Bersuit Vergarabat não soa como qualquer banda de rock. Desde os primeiros acordes, eles misturam guitarras elétricas com ritmos que parecem tirados de uma murga de rua ou um tango de esquina, mas sem perder a força do rock. Há algo em seu som que desafia rótulos: o charango se mistura com o baixo distorcido, a bateria marca tempos que nem sempre são os que se espera, e as vozes — às vezes coros que parecem gritos de protesto, outras melodias que se enredam no folclore — fazem com que cada canção tenha um peso distinto.
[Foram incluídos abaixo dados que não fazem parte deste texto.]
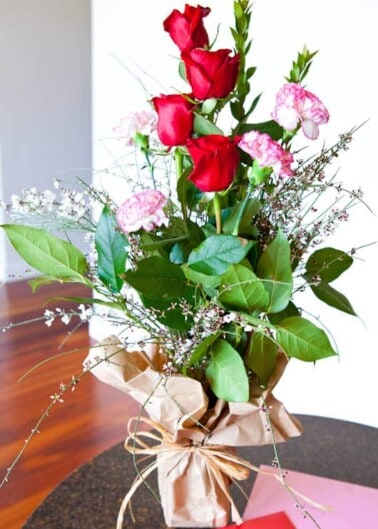 A bouquet of red roses and pink carnations wrapped in brown paper on a table.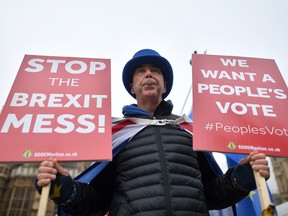 Anti-Brexit demonstrators hold placards calling for a "People's Vote" as they protest outside the Houses of Parliament in central London earlier this month.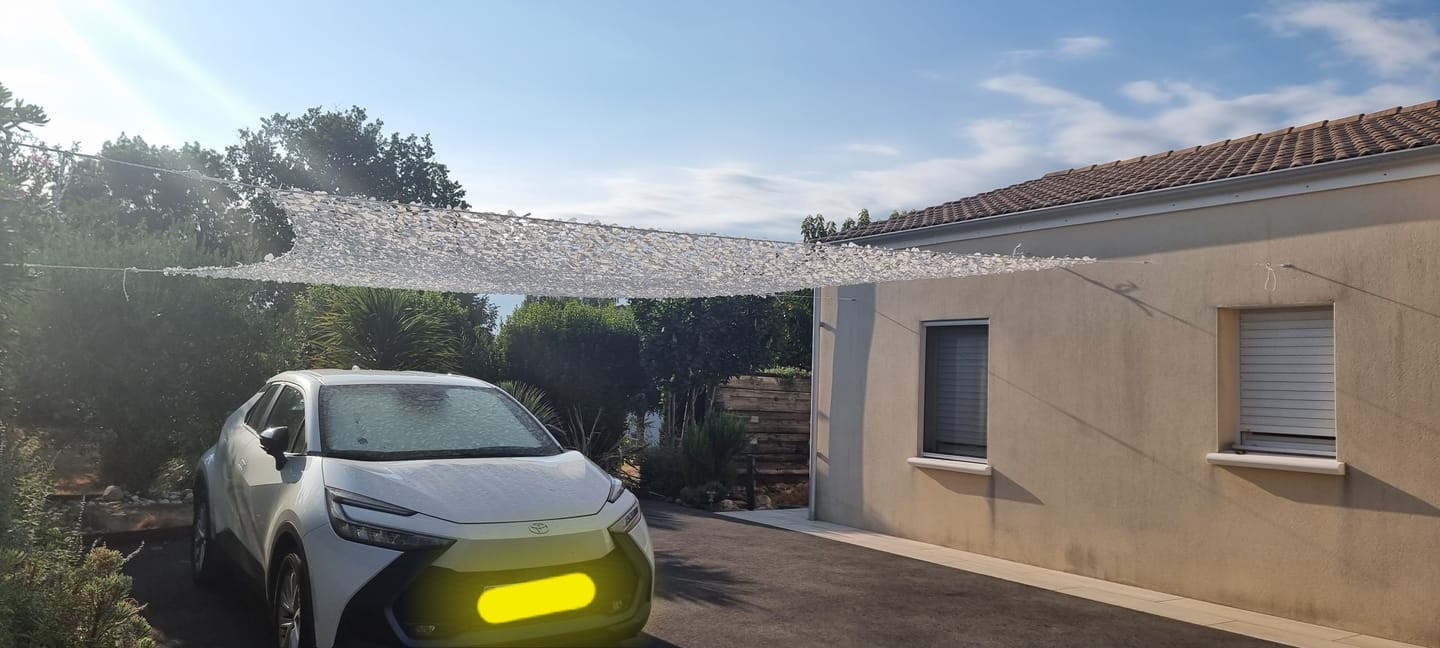 Customer photo review of Voile d'ombrage camouflage blanc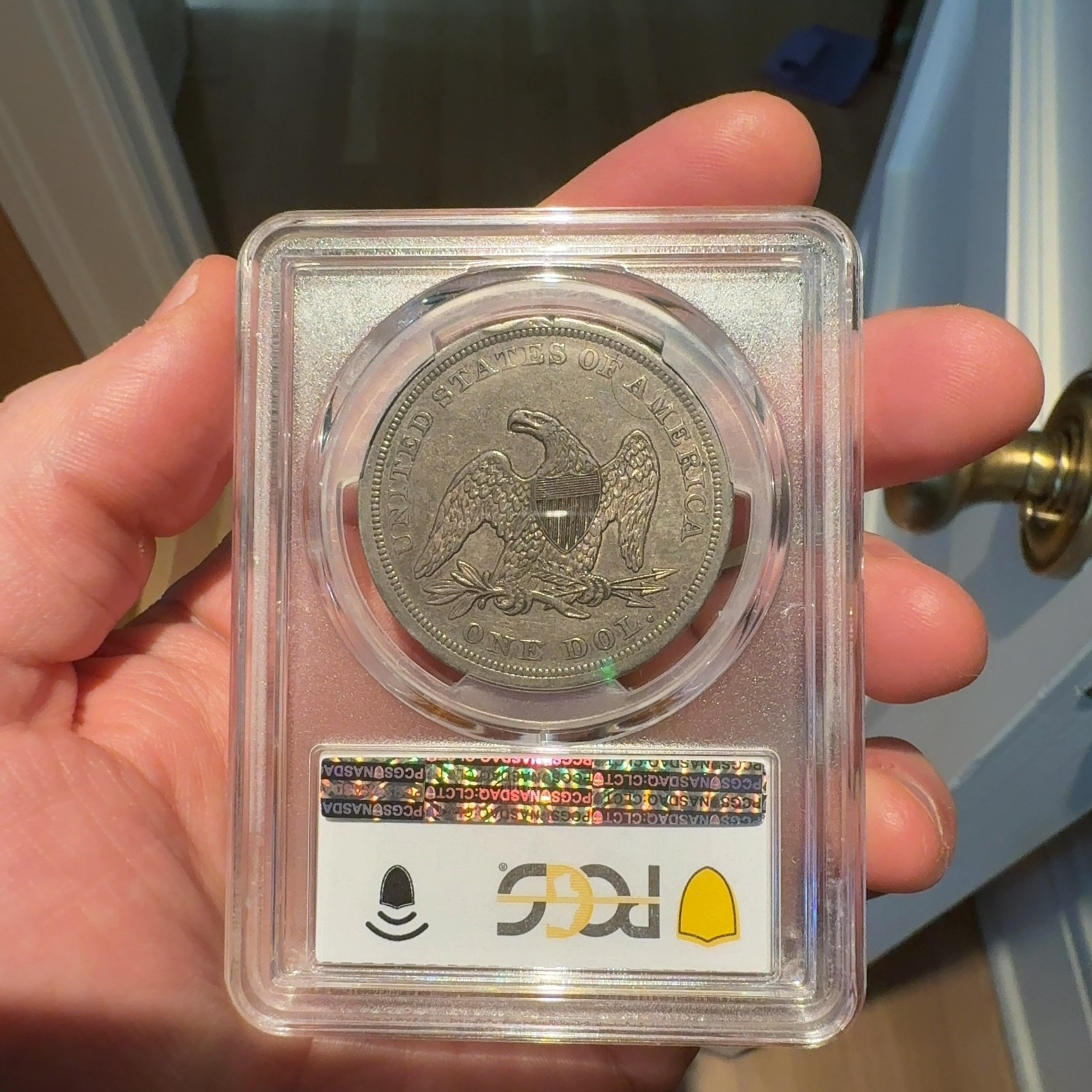 Handheld phone photograph 5 of the 1842 Silver Dollar in its holder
Não é por acaso que eles aparecem nos shows de pijama: é uma forma de vestir que, mais do que disfarce, é uma referência ao que sempre os inspirou: as margens, aqueles que não se encaixam, aqueles que o sistema prefere ignorar. O Hospital Borda não é apenas um nome em suas letras; é uma presença constante em sua maneira de entender a música como algo vivo, incômodo e necessário.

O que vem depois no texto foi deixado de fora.